Our case of bilateral perirenal hematoma secondary to ITP with a concurrent bilateral distal ureteral stone is the first such case report in the literature. In the management of distal ureteral stones, ESWL and ureteroscopic lithotripsy are effective and safe treatment modalities, but in patients with hemorrhagic diathesis, extreme care should be exercised for ESWL. In a case report presented in Japan, safe use of ESWL was mentioned in a ureteral stone patient with ITP [10]. In a study performed in patients with hemorrhagic diathesis, the frequency of severe perirenal bleeding secondary to ESWL was reported to be 4.1% and to be associated with patient age. In contrast to this study, Ruiz Marcellan et al. [9] did not report any cases of hematoma or bleeding in 17 patients with hemorrhagic diathesis following ESWL. However, in patients with hemorrhagic diathesis, coagulation tests should be done because of the risk of hematoma occurrence, and platelet counts should be increased above 50.000/mm³. As far as we know, our case had undergone a single session of ESWL nearly 2 months previously for a left ureteral stone. Even though the risk of development of perirenal hematoma secondary to ESWL increases in chronic ITP, the absence of any urinary system symptoms in our patient after ESWL and the application of ESWL targeted to the distal ureter suggest that the bleeding was not a complication of ESWL but rather originated from thrombocytopenia due to ITP. Still, stasis and compression resulting from hydronephrosis caused by bilateral distal ureteral stones might be influential in the development of perirenal hematoma.

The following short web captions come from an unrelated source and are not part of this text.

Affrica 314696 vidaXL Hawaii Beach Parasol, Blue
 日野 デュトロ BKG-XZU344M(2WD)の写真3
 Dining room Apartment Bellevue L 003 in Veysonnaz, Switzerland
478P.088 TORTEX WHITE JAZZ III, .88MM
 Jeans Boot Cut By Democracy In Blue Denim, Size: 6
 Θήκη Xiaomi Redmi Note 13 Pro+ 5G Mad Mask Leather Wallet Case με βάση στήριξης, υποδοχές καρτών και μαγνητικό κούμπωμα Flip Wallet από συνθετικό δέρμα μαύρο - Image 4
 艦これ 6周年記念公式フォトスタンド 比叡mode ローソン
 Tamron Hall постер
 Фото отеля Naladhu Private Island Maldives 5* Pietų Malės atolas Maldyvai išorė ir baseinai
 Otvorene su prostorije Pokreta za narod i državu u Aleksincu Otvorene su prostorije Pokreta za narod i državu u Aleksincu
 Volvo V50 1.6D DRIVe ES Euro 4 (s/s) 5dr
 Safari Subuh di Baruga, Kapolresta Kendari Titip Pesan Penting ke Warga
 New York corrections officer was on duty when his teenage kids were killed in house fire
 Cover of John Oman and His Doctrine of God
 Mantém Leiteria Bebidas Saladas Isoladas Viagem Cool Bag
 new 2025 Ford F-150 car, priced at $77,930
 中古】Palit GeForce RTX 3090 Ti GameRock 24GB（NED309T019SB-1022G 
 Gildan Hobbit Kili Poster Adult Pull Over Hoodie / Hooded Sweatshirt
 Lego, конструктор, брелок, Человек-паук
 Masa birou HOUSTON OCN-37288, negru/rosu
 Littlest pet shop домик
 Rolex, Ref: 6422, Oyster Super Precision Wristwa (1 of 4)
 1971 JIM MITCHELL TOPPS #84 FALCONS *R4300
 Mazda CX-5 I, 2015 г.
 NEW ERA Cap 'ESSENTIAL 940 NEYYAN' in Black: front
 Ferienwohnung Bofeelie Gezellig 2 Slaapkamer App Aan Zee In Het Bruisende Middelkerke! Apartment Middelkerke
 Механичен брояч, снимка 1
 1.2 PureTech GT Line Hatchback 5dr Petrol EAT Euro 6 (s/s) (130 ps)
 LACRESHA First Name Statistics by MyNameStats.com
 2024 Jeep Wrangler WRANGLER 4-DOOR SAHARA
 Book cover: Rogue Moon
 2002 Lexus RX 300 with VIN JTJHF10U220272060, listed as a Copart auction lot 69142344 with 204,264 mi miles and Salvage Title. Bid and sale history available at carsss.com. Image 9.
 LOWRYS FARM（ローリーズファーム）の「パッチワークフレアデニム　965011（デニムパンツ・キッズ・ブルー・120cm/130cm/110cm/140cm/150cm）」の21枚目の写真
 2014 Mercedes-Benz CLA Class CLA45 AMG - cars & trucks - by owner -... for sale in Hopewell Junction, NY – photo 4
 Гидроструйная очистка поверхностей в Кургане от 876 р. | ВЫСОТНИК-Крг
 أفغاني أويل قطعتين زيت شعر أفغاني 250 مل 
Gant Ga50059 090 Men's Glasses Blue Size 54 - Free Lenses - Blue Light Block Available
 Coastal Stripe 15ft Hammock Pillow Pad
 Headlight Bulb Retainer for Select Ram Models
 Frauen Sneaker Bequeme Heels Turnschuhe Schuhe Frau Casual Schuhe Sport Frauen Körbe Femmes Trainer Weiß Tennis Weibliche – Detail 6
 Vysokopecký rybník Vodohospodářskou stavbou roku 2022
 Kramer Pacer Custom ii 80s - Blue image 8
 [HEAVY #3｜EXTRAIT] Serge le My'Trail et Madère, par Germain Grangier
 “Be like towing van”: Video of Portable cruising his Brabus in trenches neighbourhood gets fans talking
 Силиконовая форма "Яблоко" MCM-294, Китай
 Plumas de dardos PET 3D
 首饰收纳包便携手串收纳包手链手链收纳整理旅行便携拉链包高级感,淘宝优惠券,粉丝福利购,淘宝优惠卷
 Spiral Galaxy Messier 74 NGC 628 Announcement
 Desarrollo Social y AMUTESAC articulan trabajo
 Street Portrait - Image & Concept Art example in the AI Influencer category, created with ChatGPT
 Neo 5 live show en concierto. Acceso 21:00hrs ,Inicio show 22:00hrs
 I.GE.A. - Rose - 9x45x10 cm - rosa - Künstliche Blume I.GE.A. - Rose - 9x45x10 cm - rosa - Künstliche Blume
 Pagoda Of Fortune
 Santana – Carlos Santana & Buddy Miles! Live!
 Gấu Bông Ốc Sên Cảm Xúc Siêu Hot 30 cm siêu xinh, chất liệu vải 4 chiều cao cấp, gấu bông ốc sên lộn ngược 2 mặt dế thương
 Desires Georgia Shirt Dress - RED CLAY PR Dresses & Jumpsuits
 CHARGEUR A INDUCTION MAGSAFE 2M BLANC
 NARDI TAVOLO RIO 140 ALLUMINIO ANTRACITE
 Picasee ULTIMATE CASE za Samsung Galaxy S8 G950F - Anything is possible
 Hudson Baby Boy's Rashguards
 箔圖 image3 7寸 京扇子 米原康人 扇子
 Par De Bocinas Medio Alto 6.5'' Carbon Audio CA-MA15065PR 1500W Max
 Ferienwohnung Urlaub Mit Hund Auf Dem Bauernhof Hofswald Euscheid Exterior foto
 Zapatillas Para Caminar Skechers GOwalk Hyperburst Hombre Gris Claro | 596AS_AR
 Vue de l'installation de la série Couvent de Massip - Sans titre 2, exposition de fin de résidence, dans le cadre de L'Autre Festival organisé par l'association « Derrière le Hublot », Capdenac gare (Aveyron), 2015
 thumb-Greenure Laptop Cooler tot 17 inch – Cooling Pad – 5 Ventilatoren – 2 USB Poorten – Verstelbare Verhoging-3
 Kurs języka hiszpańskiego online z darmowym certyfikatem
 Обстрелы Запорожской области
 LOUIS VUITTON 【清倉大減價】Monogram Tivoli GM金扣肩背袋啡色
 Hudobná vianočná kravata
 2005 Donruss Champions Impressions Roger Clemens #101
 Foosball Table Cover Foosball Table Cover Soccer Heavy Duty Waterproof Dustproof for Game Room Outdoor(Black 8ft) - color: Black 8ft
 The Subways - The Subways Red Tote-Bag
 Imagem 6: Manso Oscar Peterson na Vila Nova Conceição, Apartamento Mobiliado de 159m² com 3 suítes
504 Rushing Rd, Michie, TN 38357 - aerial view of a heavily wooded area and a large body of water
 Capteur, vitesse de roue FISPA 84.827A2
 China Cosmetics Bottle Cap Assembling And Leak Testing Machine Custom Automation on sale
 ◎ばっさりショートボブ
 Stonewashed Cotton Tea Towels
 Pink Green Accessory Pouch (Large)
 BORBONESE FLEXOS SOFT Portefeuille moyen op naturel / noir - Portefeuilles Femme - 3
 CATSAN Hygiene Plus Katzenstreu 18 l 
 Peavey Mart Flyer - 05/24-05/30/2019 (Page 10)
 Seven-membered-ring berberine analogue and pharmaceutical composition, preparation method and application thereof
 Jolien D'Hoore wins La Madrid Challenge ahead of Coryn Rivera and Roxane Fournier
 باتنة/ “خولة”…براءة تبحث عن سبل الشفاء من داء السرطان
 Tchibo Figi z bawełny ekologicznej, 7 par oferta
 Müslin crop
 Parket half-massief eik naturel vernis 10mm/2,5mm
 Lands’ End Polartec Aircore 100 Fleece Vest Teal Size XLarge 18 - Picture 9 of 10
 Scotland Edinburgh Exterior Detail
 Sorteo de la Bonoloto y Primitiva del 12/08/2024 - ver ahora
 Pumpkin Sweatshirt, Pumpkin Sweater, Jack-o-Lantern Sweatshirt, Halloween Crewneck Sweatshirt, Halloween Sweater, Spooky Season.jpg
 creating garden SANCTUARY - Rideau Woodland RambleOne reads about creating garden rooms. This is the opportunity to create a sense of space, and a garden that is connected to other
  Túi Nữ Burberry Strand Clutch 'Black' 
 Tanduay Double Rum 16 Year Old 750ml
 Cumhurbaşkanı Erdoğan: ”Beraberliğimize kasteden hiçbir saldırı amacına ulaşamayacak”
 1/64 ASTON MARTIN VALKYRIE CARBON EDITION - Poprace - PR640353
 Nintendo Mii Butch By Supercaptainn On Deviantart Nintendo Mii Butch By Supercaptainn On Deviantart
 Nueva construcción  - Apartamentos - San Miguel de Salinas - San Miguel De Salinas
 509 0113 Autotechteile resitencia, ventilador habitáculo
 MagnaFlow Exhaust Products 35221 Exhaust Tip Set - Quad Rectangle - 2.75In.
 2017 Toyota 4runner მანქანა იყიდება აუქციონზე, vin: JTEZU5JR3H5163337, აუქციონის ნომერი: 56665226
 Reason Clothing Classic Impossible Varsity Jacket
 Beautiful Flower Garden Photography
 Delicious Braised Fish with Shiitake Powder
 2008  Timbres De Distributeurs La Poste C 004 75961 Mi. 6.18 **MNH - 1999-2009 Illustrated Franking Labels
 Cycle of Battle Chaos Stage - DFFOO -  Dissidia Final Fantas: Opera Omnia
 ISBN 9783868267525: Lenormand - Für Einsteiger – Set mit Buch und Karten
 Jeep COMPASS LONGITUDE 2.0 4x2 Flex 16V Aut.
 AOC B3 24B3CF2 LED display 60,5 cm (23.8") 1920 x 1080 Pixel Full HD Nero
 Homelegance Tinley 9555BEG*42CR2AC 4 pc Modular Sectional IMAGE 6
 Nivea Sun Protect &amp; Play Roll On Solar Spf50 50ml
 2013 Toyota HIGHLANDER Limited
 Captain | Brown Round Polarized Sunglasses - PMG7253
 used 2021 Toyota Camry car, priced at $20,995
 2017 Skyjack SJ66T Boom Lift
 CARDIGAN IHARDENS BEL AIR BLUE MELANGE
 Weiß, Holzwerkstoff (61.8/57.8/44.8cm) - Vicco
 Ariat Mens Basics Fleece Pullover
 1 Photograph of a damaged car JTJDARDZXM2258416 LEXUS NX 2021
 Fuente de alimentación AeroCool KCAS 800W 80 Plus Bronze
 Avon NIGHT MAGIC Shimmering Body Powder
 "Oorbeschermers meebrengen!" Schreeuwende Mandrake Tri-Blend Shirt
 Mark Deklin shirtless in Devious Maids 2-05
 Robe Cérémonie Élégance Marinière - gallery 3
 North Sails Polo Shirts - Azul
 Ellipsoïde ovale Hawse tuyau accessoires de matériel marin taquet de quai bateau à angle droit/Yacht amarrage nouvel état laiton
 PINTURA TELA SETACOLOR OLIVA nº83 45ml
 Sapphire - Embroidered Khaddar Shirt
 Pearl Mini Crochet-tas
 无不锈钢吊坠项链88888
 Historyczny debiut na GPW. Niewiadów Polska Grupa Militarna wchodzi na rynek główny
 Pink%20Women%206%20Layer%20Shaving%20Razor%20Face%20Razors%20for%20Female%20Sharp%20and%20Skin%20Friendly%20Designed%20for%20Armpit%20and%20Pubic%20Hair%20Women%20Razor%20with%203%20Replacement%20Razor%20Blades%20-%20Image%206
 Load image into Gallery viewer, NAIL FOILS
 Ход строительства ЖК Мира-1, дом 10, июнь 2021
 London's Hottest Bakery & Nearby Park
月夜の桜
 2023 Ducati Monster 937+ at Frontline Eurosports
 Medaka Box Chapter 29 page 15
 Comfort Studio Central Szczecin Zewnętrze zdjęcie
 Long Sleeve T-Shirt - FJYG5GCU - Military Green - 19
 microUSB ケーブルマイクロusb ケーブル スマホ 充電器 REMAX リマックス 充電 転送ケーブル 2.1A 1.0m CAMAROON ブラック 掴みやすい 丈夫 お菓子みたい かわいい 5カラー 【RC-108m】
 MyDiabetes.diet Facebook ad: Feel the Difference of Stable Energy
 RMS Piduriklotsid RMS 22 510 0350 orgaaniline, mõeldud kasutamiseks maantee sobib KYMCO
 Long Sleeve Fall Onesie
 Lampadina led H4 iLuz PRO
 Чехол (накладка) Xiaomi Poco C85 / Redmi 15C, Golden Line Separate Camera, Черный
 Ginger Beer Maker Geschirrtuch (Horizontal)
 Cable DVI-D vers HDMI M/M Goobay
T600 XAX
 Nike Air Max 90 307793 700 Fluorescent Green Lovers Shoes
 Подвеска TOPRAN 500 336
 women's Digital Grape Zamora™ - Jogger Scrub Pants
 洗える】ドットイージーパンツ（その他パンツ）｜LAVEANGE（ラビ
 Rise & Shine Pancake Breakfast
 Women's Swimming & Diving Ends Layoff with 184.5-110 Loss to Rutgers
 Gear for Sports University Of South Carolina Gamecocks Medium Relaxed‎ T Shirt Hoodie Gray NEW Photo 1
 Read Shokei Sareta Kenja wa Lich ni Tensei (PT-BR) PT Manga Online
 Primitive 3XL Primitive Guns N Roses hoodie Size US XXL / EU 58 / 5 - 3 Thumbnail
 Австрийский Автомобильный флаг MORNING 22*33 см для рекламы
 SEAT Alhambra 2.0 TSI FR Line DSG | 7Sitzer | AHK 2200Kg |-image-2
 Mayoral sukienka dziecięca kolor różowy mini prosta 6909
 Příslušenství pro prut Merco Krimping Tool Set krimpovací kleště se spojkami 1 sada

In conclusion, urinary system diseases can be seen in patients with bleeding diathesis, such as chronic ITP, and related hematologic test results should be carefully evaluated in the following up and treatment of these patients. In these cases, therapeutic procedures targeting urinary system abnormalities can be optimally performed after normalizing hematologic test results while continuing ITP therapy without making any change in the current treatment modalities.